The Mating Rituals of Deep Neural Networks: Learning Compact Feature Representations through Sexual Evolutionary Synthesis
This work addresses architectural efficiency for deep learning practitioners, but it is incremental as it builds on existing evolutionary deep intelligence methods.
The paper tackled the problem of achieving compact feature representations in deep neural networks by introducing sexual evolutionary synthesis, which produced offspring networks from two parents, resulting in approximately double architectural efficiency on MNIST with comparable testing accuracy of ~97%.

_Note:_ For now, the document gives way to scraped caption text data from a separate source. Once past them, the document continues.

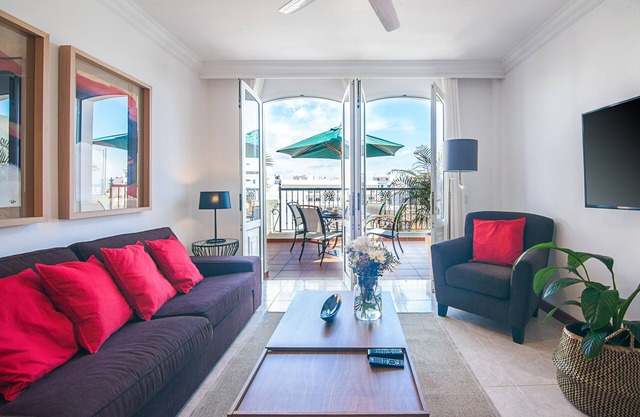 Rooms & Suites Terrace 4C - Penthouse de luxe très proche d'El Charco San Ginés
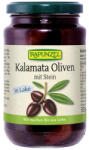 RAPUNZEL Masline Kalamata bio cu samburi, in saramura, 355 g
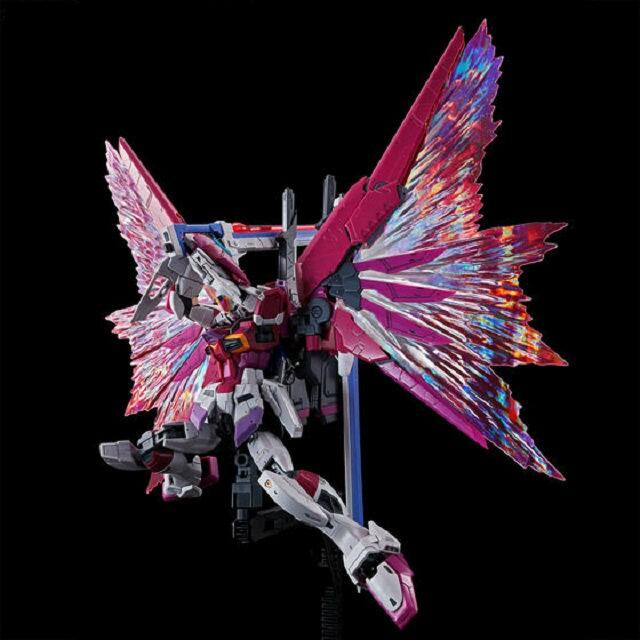 RG 1/144 Destiny Impulse Gundam - Gunpla San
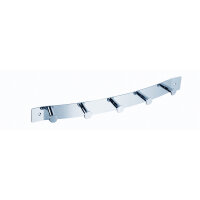 ALCO Wandgarderobe 405 x 60 x 38 mm (B x H x L) 5 Haken...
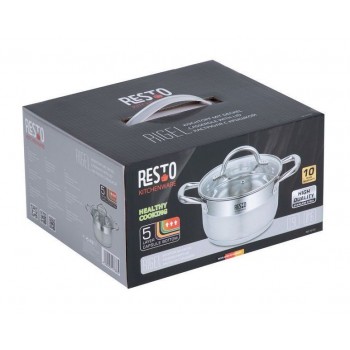 Кастрюля RESTO 92102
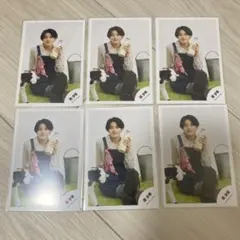 金指一世 グリーティングフォト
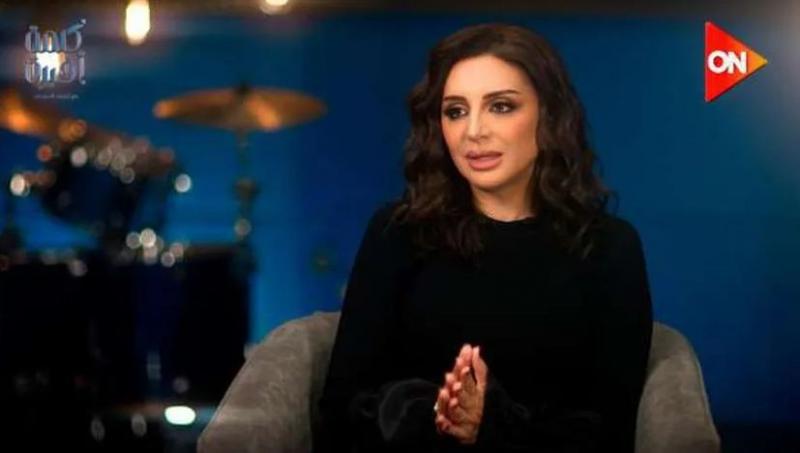 أنغام: ”أنا ست مصرية ومن حقي أكون صوت مصر”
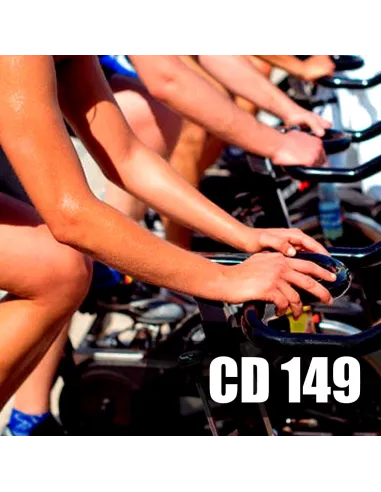 Sesion de musica step, fitness, gap, body pump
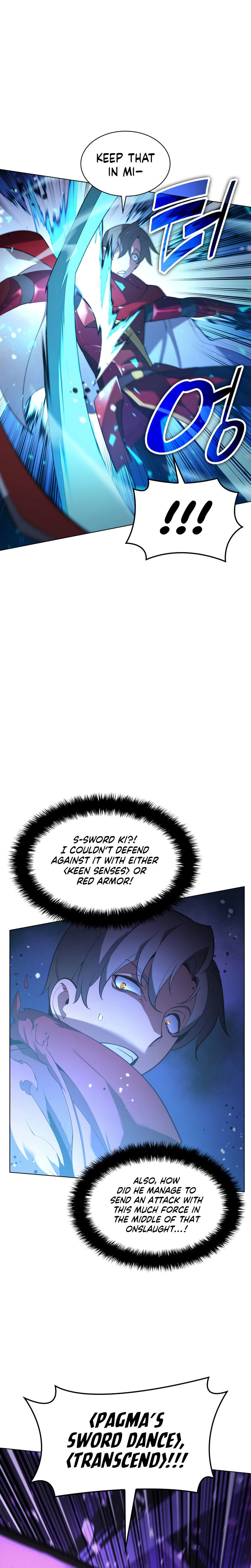 Overgeared Chapter 147 - Page 28 in English
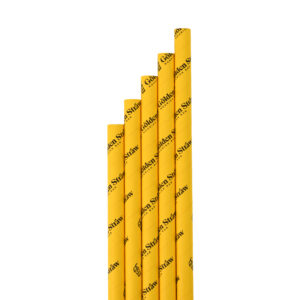 Ống Hút In Thiết Kế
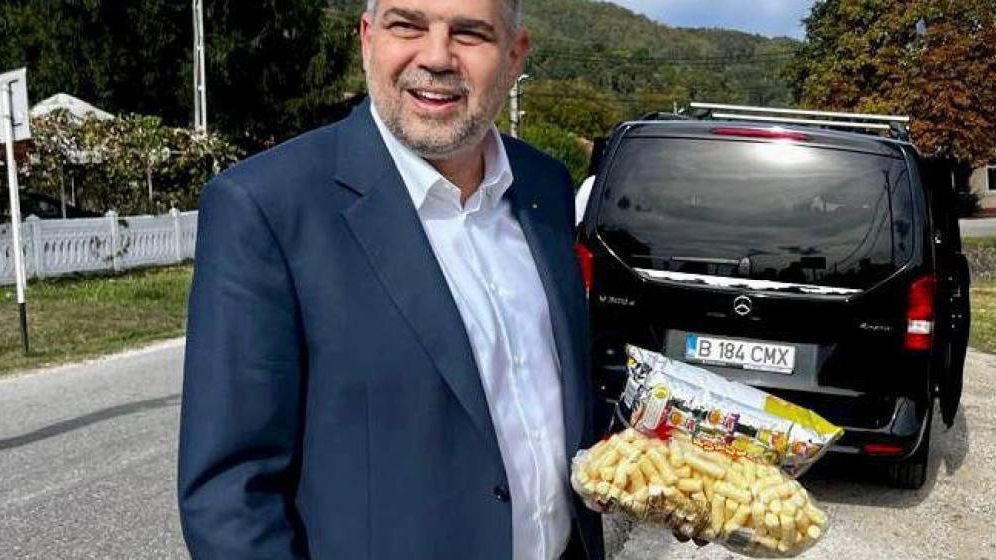 Ciolacu se laudă că pe vremea lui inflația nu creștea așa mult. Totuși, sub guvernarea lui a crescut deficitul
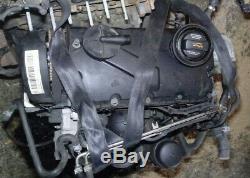 2002 Vw Golf Mk4 1.9tdi Diesel Asz Pd 130bhp 6 Speed Manual Bare Engine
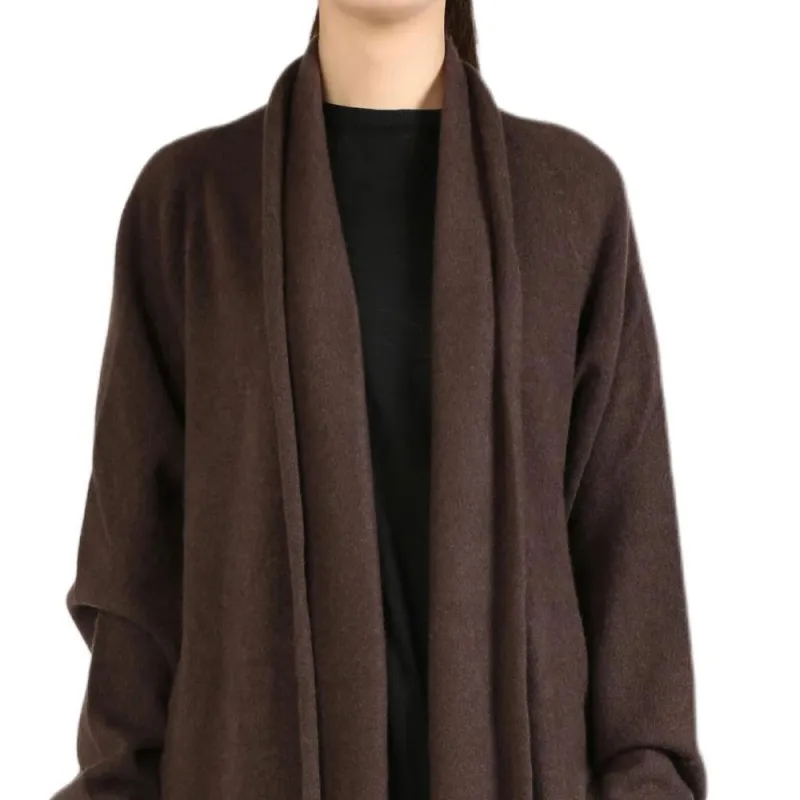 Frenckenberger Cashmere Cardigan-3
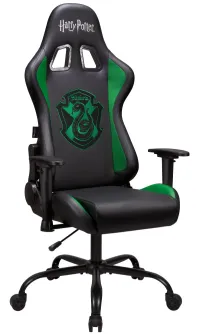 Harry Potter Gaming-Sitz für HP Slytherin (1 of 7)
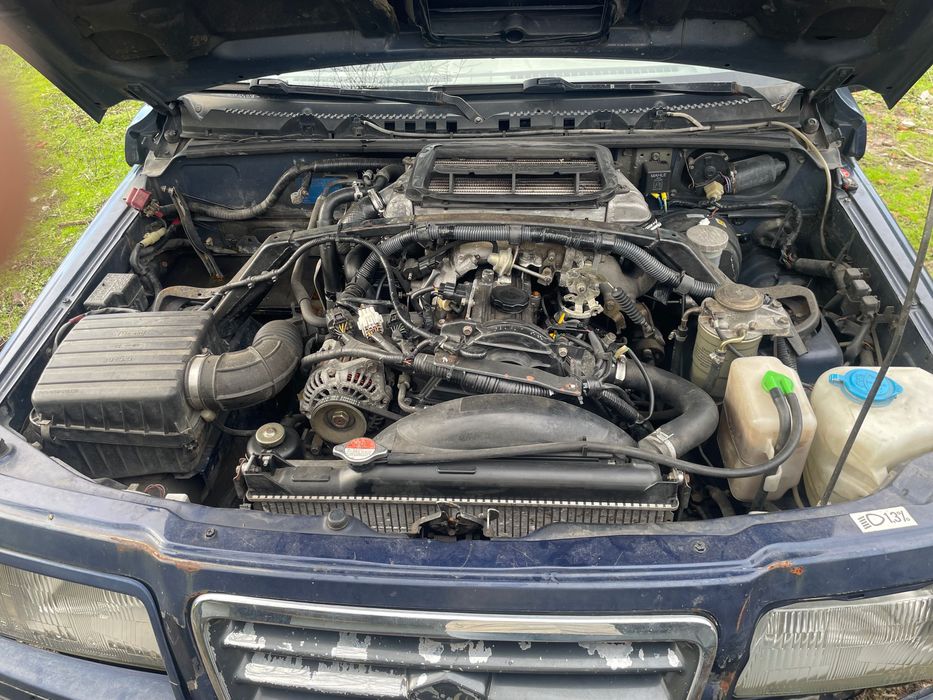 Suzuki Grand Vitar 2.0 td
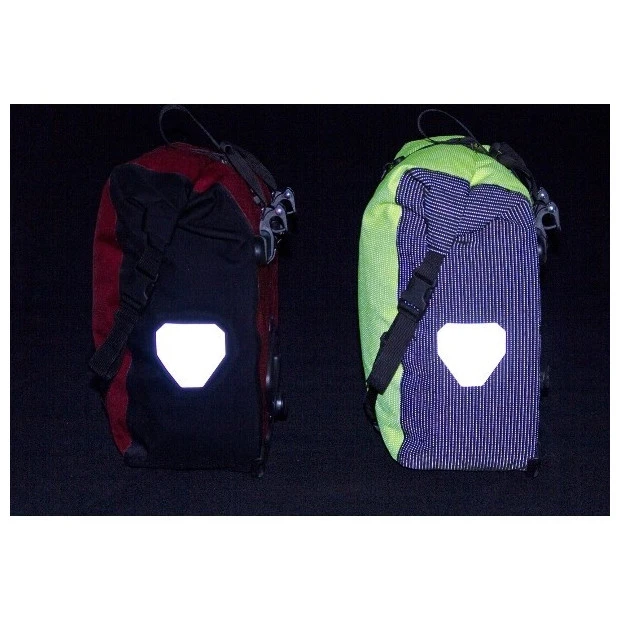 Paire De Sacoches Ortlieb Sport-Roller High Visibility Line 4 Paire De Sacoches Ortlieb Sport-Roller High Visibility Line – Image 2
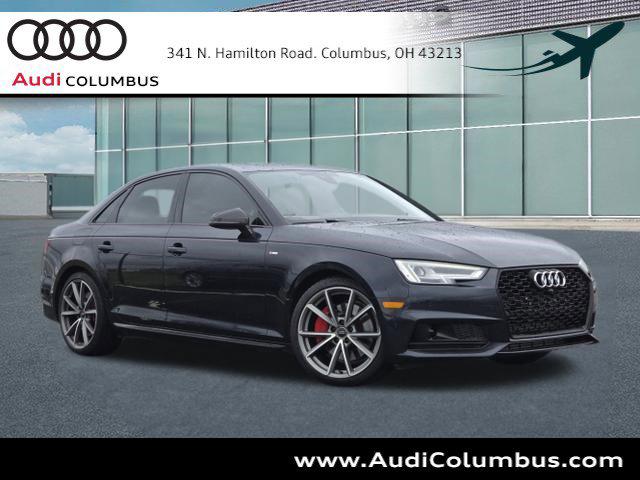 2018 Audi A4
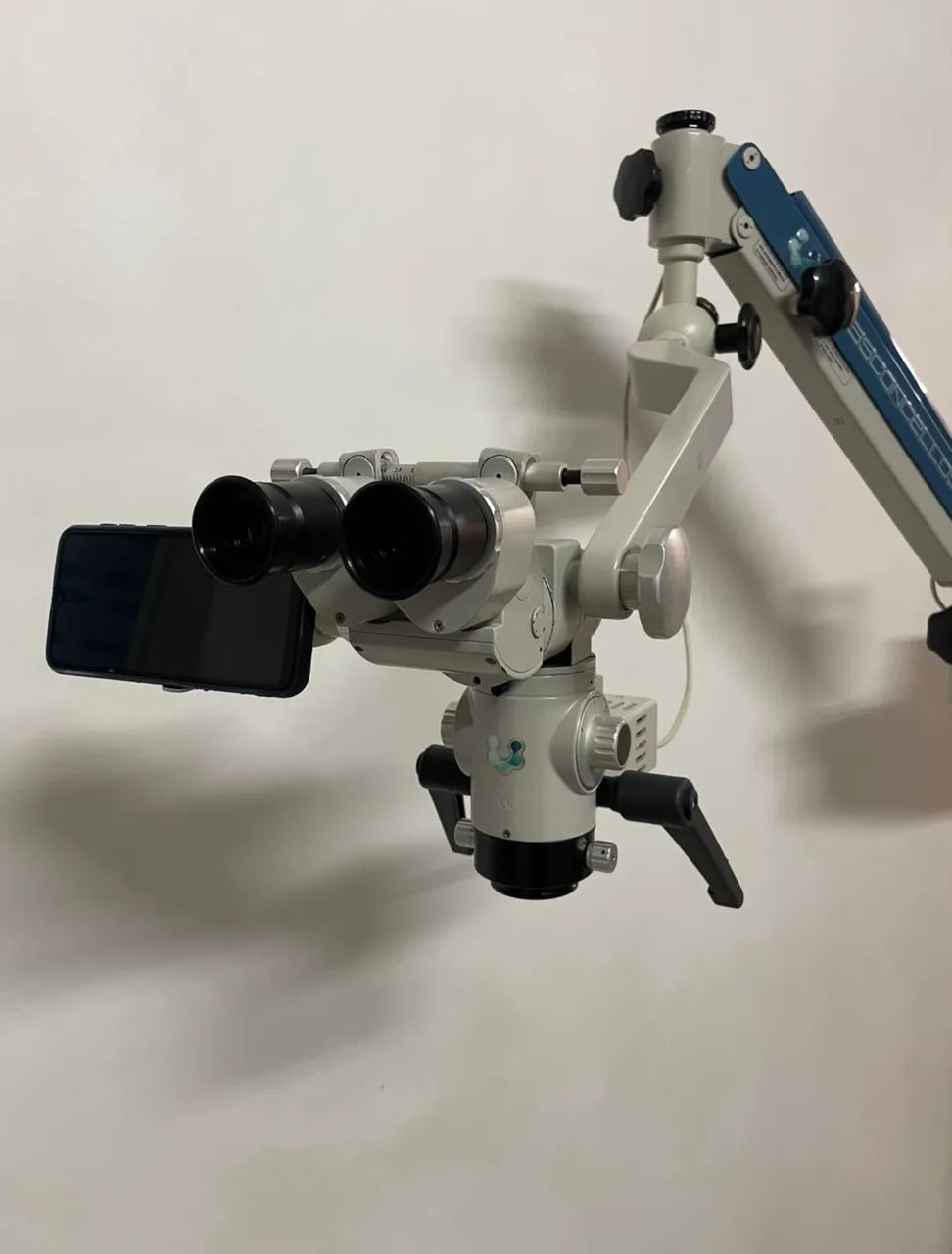 Microscópio DFV - Odontologia 
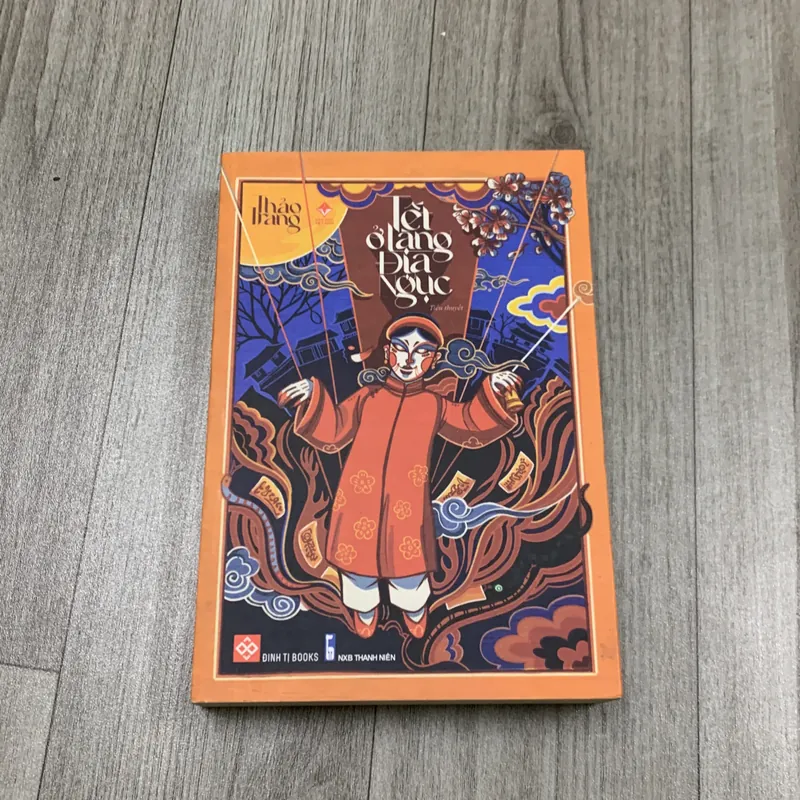 Tết ở làng địa ngục - thảo trang. 2b4 718503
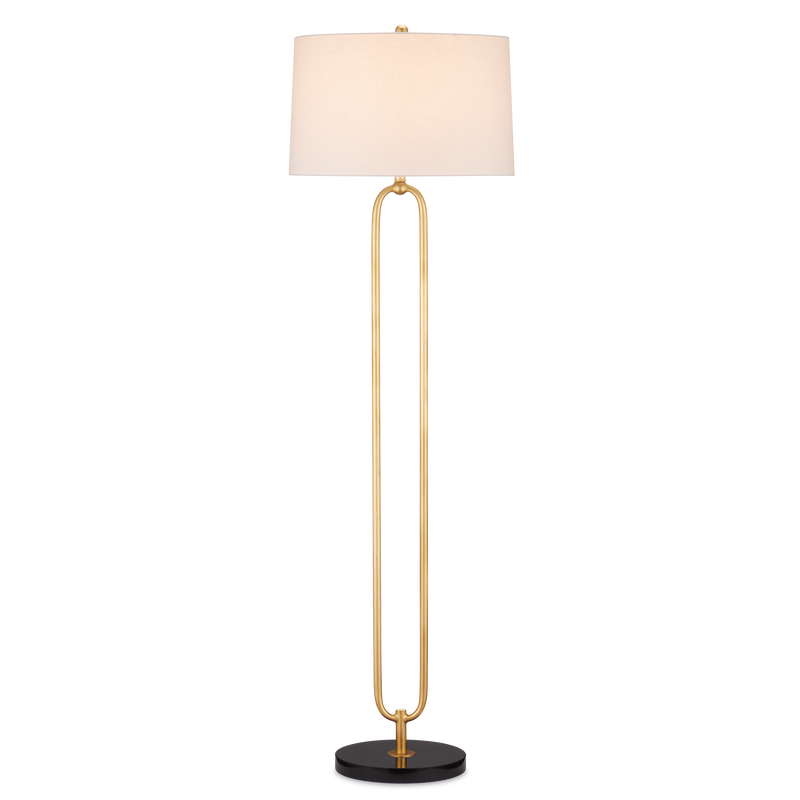 media image for Glossary Floor Lamp By Currey Company Cc 8000 0144 1 231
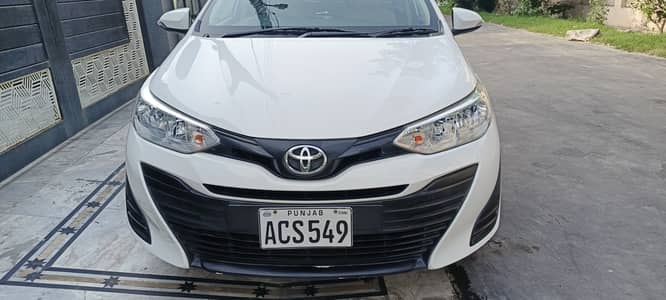 Toyota Yaris 2021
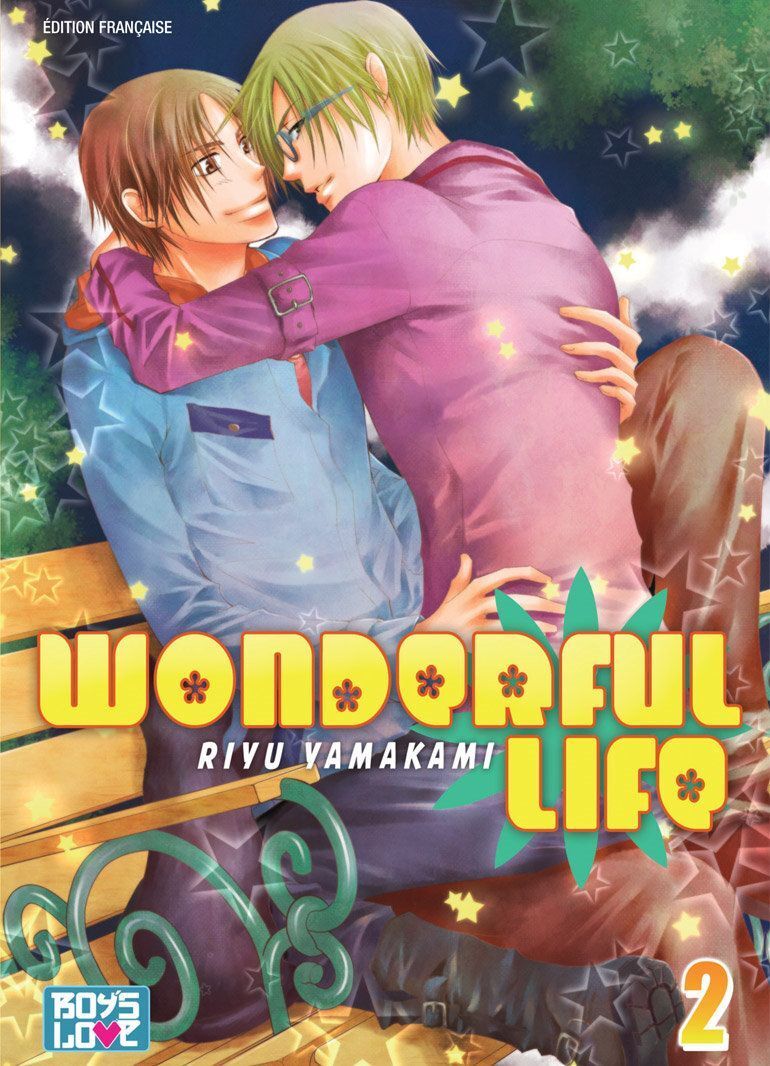 Wonderful Life - Tome 02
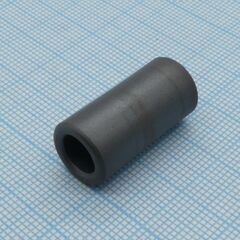 RH 12x25x7,3, emi фильтр, цилиндрический феррит 12х25х7,3, импеданс 99ом при 100мгц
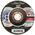 Коло пелюсткове торцеве Swatycomet ALUMINIUM LBD-K 125 * 22,23 Z80 / A80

Evolutionary deep intelligence was recently proposed as a method for achieving highly efficient deep neural network architectures over successive generations. Drawing inspiration from nature, we propose the incorporation of sexual evolutionary synthesis. Rather than the current asexual synthesis of networks, we aim to produce more compact feature representations by synthesizing more diverse and generalizable offspring networks in subsequent generations via the combination of two parent networks. Experimental results were obtained using the MNIST and CIFAR-10 datasets, and showed improved architectural efficiency and comparable testing accuracy relative to the baseline asexual evolutionary neural networks. In particular, the network synthesized via sexual evolutionary synthesis for MNIST had approximately double the architectural efficiency (cluster efficiency of 34.29X and synaptic efficiency of 258.37X) in comparison to the network synthesized via asexual evolutionary synthesis, with both networks achieving a testing accuracy of ~97%.